Einen bewussteren Tourismus anstoßen will Kurt Luger, Inhaber des UNESCO-­Lehrstuhls für Kulturelles Erbe und Tourismus an der Universität Salzburg. Denn Tourismus habe auch negative Seiten – für Einheimische, die nur vom Verkehr, von den hohen Preisen in der Gastronomie und beim Wohnen betroffen sind, führt der Experte weiter aus. Verlierer sei die nicht geschützte Natur, denn Tourismusinfrastruktur frisst Landschaft.

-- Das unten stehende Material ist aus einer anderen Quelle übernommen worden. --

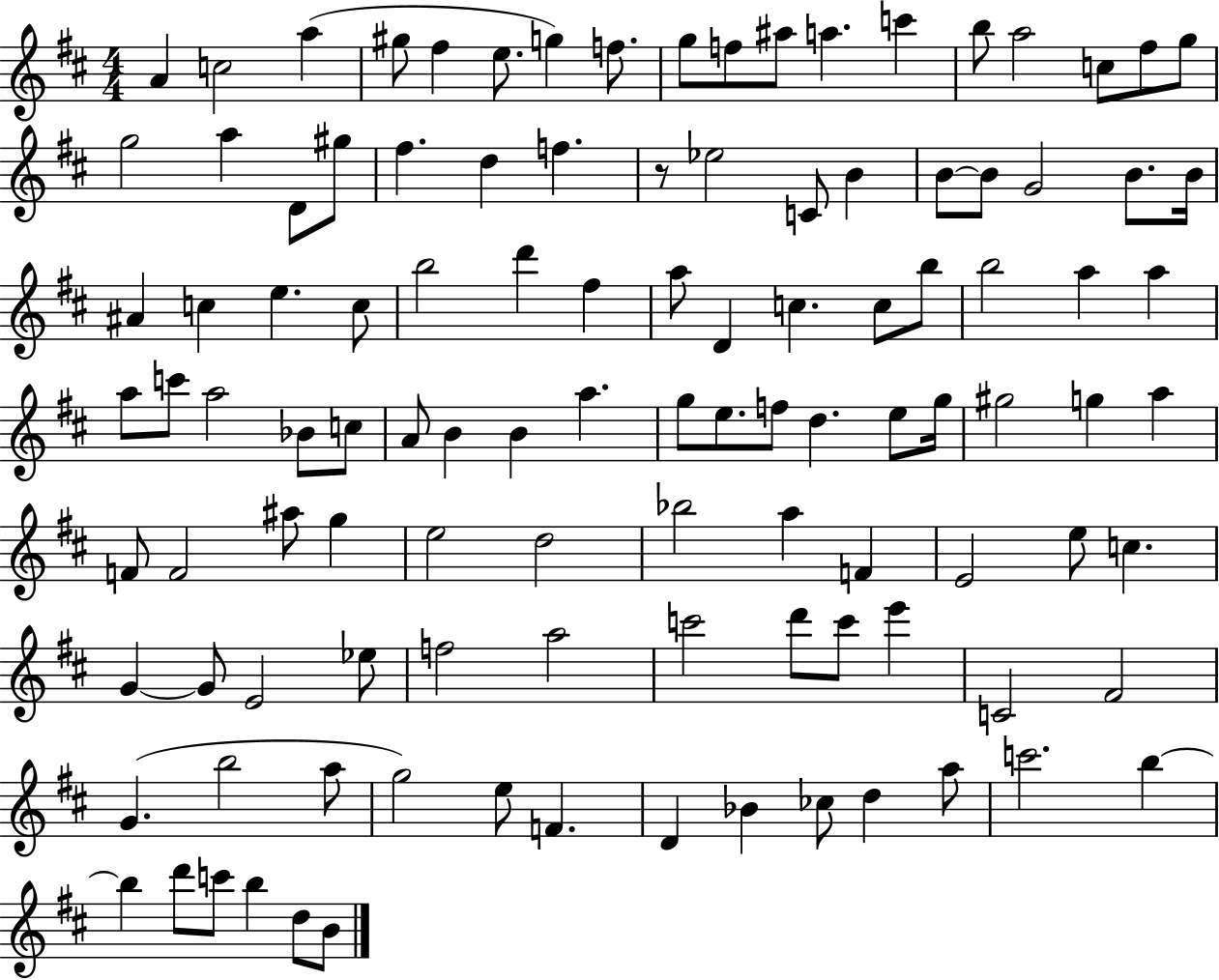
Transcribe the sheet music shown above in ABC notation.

X:1
T:Untitled
M:4/4
L:1/4
K:D
A c2 a ^g/2 ^f e/2 g f/2 g/2 f/2 ^a/2 a c' b/2 a2 c/2 ^f/2 g/2 g2 a D/2 ^g/2 ^f d f z/2 _e2 C/2 B B/2 B/2 G2 B/2 B/4 ^A c e c/2 b2 d' ^f a/2 D c c/2 b/2 b2 a a a/2 c'/2 a2 _B/2 c/2 A/2 B B a g/2 e/2 f/2 d e/2 g/4 ^g2 g a F/2 F2 ^a/2 g e2 d2 _b2 a F E2 e/2 c G G/2 E2 _e/2 f2 a2 c'2 d'/2 c'/2 e' C2 ^F2 G b2 a/2 g2 e/2 F D _B _c/2 d a/2 c'2 b b d'/2 c'/2 b d/2 B/2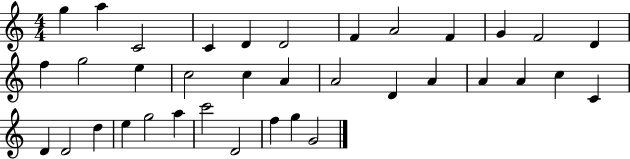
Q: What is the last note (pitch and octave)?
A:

„Tourismusforschung ist eine junge Wissenschaft und viele Einzeldisziplinen versuchen zusammen seit Jahren einen soliden Wis­sensbestand zu erarbeiten“, erläutert Kurt Luger. „Es braucht integrative Forschungskonzepte und mehr interdisziplinäre Zusammenarbeit. Da ist in Österreich noch viel nachzuholen. Aber es fehlt auch weitgehend die Bereitschaft der Branche, sich mit wissenschaftlichen Erkenntnissen auseinanderzusetzen, sich auf die kritische Analyse einzulassen. Von den Auswirkungen des Klimawandels wissen wir seit 30 Jahren, dass sie den Tourismus massiv betreffen, die Branche aber auch einen gehörigen Fußabdruck produziert. Es hat fast so lange gebraucht, bis diese ökologischen Bedrohungen auch in Tourismuskonzepte und ­-pläne Eingang gefunden haben.“ Für den vernünftigen, respektvollen und eigenverantwortlichen Tourismus brauche es daher neue Angebote, insbesondere die Mobilität betreffend, die den Großteil an Belastung ausmacht, und zwar für die Bewohner_innen von Tourismusorten wie für die Umwelt. „Es gibt einige gute Beispiele für nachhaltige Tourismusmobilität. Im Ötztal bemüht man sich etwa, mit Zug und Shuttle die Leute zum Verzicht auf das Auto zu bewegen“, freut sich Kurt Luger. Letztlich aber wolle man, so der Experte, dort weitermachen, wo man aufgehört hat, und möglichst rasch wieder in die Gewinnzone kommen. „Das ist aus wirtschaftlichen Gründen nachvollziehbar, aber löst das grundsätzliche Problem nicht.“


RAFFAELA WOLLER
Raffaela Woller, BA MA studierte Klassische Archäologie an der Universität Wien und ist seit 2019 wissenschaftliche Mitarbeiterin am Zentrum für Kulturgüterschutz der Universität für Weiterbildung Krems, wo sie u. a. das EU-Projekt „Living Danube Limes“ betreut. 

KLAUS PANHOLZER
Mag. Klaus Panholzer ist Geschäftsführer der Schönbrunn Group. Er war viele Jahre international tätig, bevor er sich mit einem eigenen Beratungsunternehmen in den USA selbstständig machte. Am 25. März 2022 wurde er in Versailles in den Vorstand der Vereinigung Europäischer Königsschlosser (Network of European Royal Residences) gewählt. 

MARTIN GRÜNEIS
Mag. Martin Grüneis ist stv. Leiter der Abteilung Kunst und Kultur im Amt der Niederösterreichischen Landesregierung. Er beschäftigt sich vorrangig mit dem reichen kulturellen Erbe des Bundeslandes, von den Welterbestätten bis zu den lebendigen kulturellen Traditionen und deren Erfassung und Bewahrung. 

KURT LUGER
Univ.-Prof. Dr. Kurt Luger halt den UNESCO-Lehrstuhl für Kulturelles Erbe und Tourismus am Fachbereich Kommunikationswissenschaft der Universität Salzburg und ist Vorsitzender von INIT – Institut für Interdisziplinäre Tourismusforschung sowie von EcoHimal.